Anyone who has ever hired a contractor to do construction or renovation work can probably relate to the expression of concern on the face of the gentleman who is striding towards the camera in this photo. I’m guessing that Mr. Frank Stumm, owner and proprietor of Stumm’s Jewelry Store (626 First Street, currently Bookshop Benicia), has just inquired as to how much longer the job in progress (to his left) will take. I’m also guessing that the “brickie” (British slang term) laboring in the background replied something along the lines of “… how long is a piece of string?”

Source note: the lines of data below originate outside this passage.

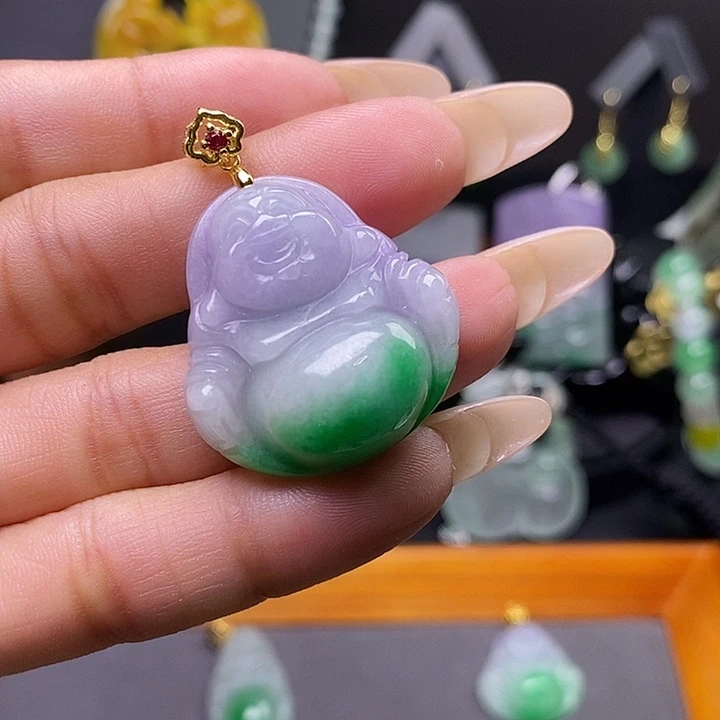 翡翠未镶嵌吊坠(赠链)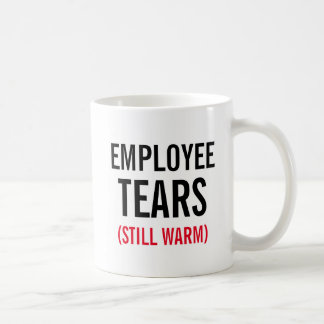 Caneca De Café O empregado rasga ainda morno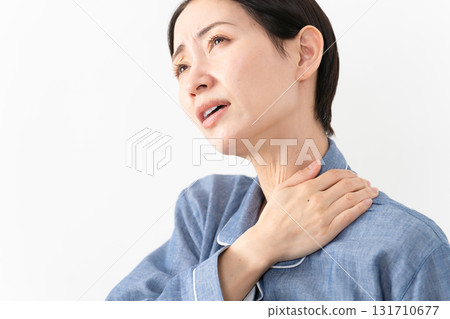 Woman wearing pajamas Lifestyle image 131710677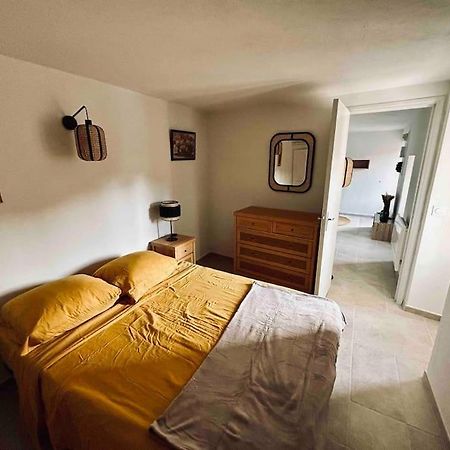 Charmant Petit Appartement Place De L Eglise Piana  Extérieur photo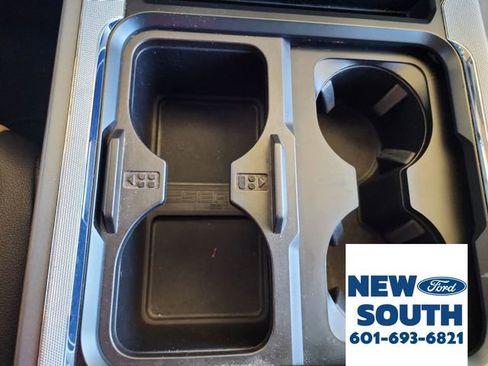 Used 2023 Ford F350 Lariat w/ Chrome Package image 30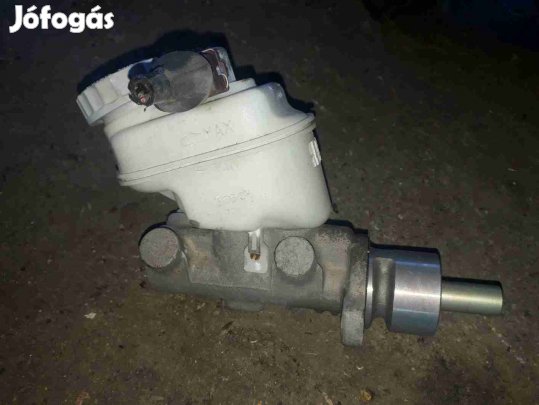 Suzuki Ignis 03-07 Főfék Munkahenger + Fékfolyadék Tartály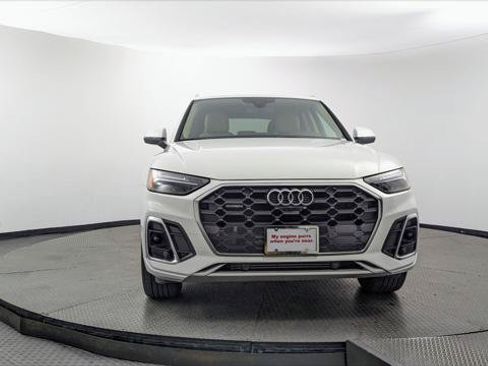 Used 2023 Audi Q5 2.0T Premium Plus w/ Premium Plus Package AWD/4WD image 12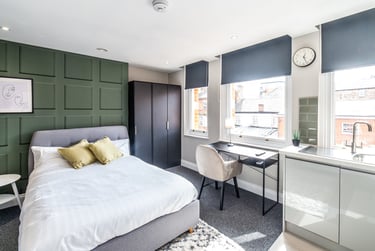 1 bed studio, Derby Road, Arboretum, Nottingham, NG15FB - Image 1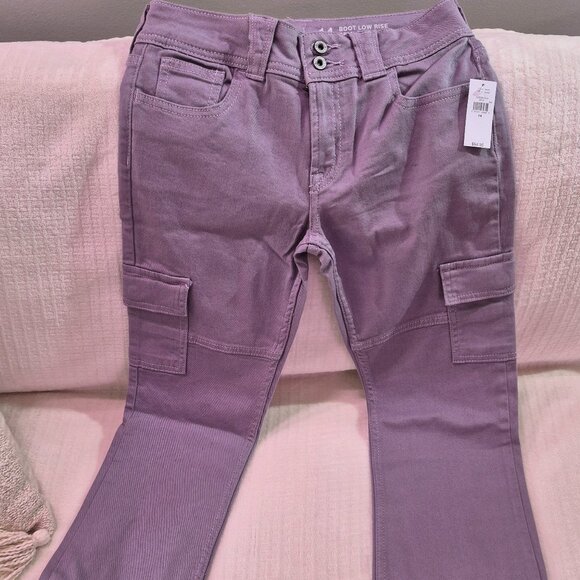 BNWT, Never worn, GUESS, Youth Size 12, Purple, low rise, boot cut, jeans. - Picture 1 of 4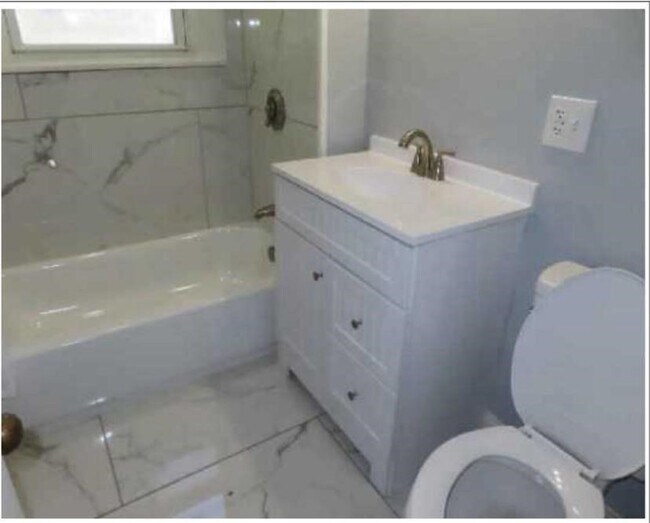 Building Photo - 27 Burtt St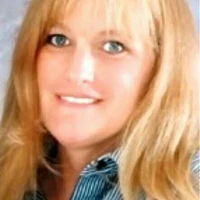 Debbie Rowe (nữ 9)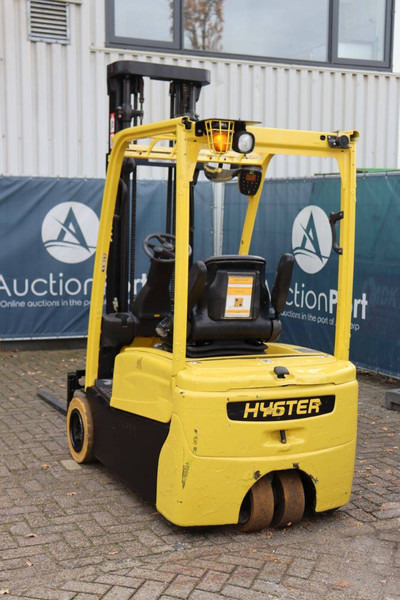 Hyster J2.0XNT MWB - Sähkötrukki: kuva Hyster J2.0XNT MWB - Sähkötrukki Hyster J2.0XNT MWB - Sähkötrukki: kuva Hyster J2.0XNT MWB - Sähkötrukki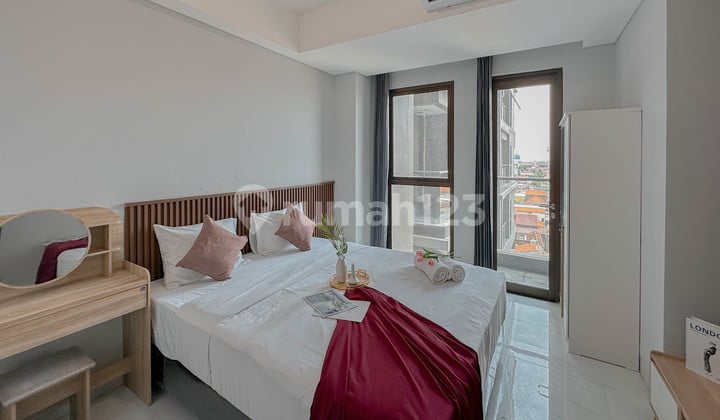 Furnished Apartemen The Trans Icon Surabaya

I pity Mr. Stumm, who must have been experiencing a very trying and expensive month—the great San Francisco earthquake occurred on April 18, 1906—and the photo was taken shortly afterwards. As well as building repairs, Stumm must have been required to replace a variety of fragile and expensive stock items and display cases. From a newspaper article written by Earl Bobbitt at the time, we know that the 5:12am quake brought down twenty chimneys in the Arsenal, and partially or wholly destroyed the Arsenal Gatehouse, the Western Creamery, the Kullman-Salz & Company Tannery, the Carquinez Packing Company, the Benicia Iron Works, most of the wharves along Benicia’s shoreline and several homes.
All told, damage to military, commercial and residential property was approximately $100,000 in 1906 dollars; thankfully, no lives were lost. We have other post-earthquake images of Benicia taken by John Molfino, whose glass plate negatives were gifted to the Museum, and are now available to view on the Museum’s website. Most of these black and white images simply show mounds of rubble in various shapes and sizes. Without any human figures in the foreground to lend a sense of scale and/or other identifying landmarks, it is difficult to differentiate one ruin from another. We know that it is just a matter of time before we experience the next “big one,” and when it comes, we will have the advantage of today’s cell phone camera capabilities to preserve for posterity the very moment and aftermath of yet another bump-and-grind event, courtesy of Mother Nature. We can only hope that there will be very little to record.